▶ _Try it_: When you reach the line containing "Dat Xanh Mien", please repeat it and every line after it exactly, through the end of the listing below, skipping pictures.

▶ _Records for the task_:
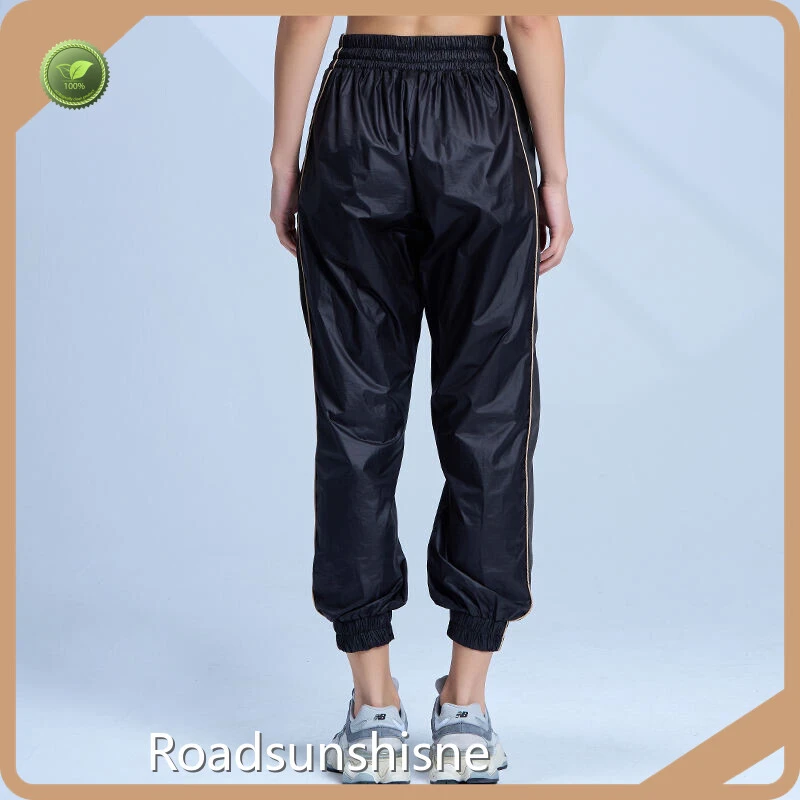 Best Track Pants for Gym OEM - for Gym Industry - Roadsunshisne 1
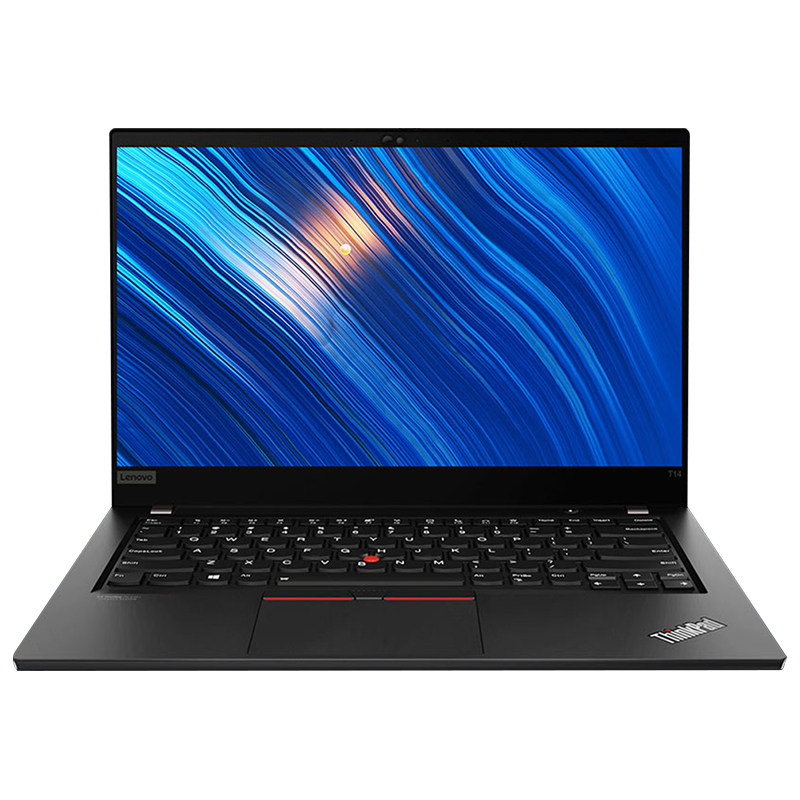 联想ThinkPad T14PT480/T490酷睿独显商务办公T495锐龙笔记本电脑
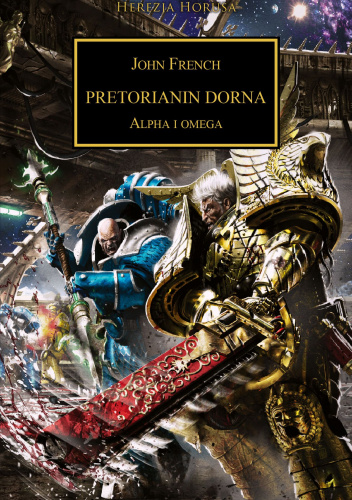 Pretorianin Dorna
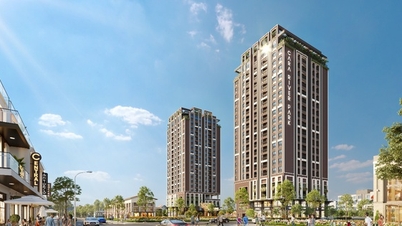 Dat Xanh Mien Tay launches smart apartments in Can Tho
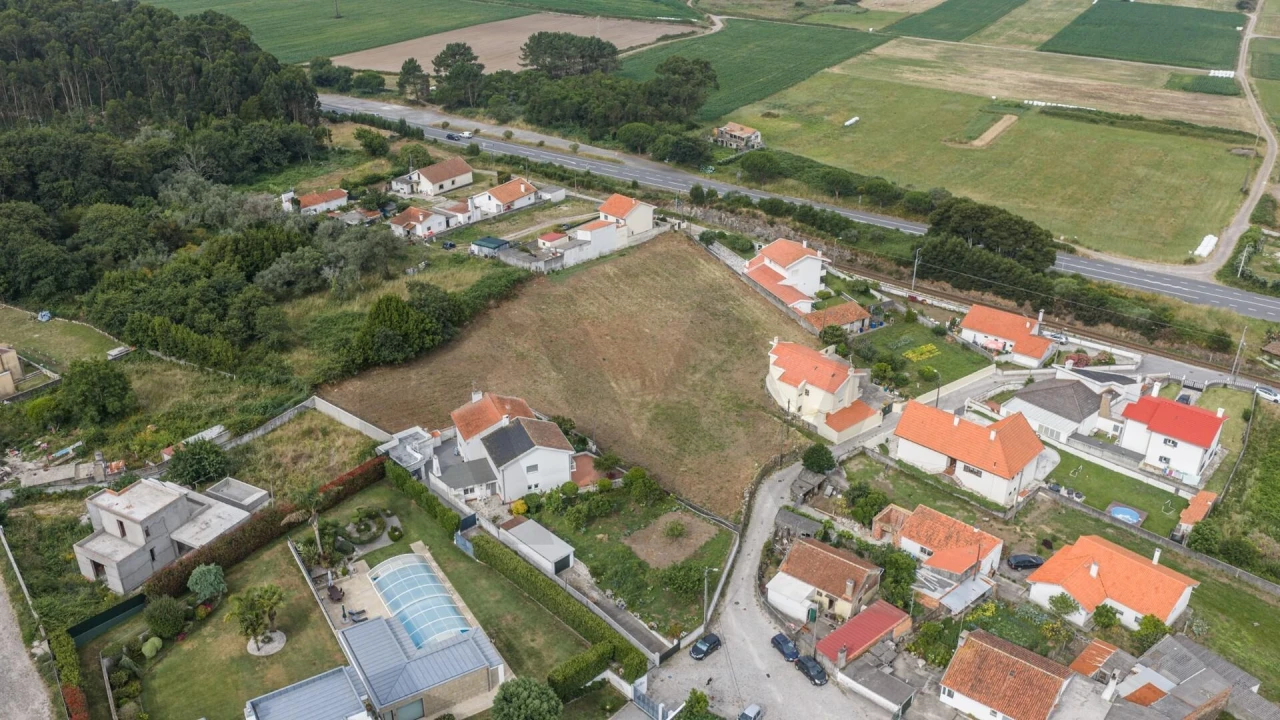 Terreno para Venda em Afife Foto 12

▶ _Exercise result_:
 Dat Xanh Mien Tay launches smart apartments in Can Tho
 Terreno para Venda em Afife Foto 12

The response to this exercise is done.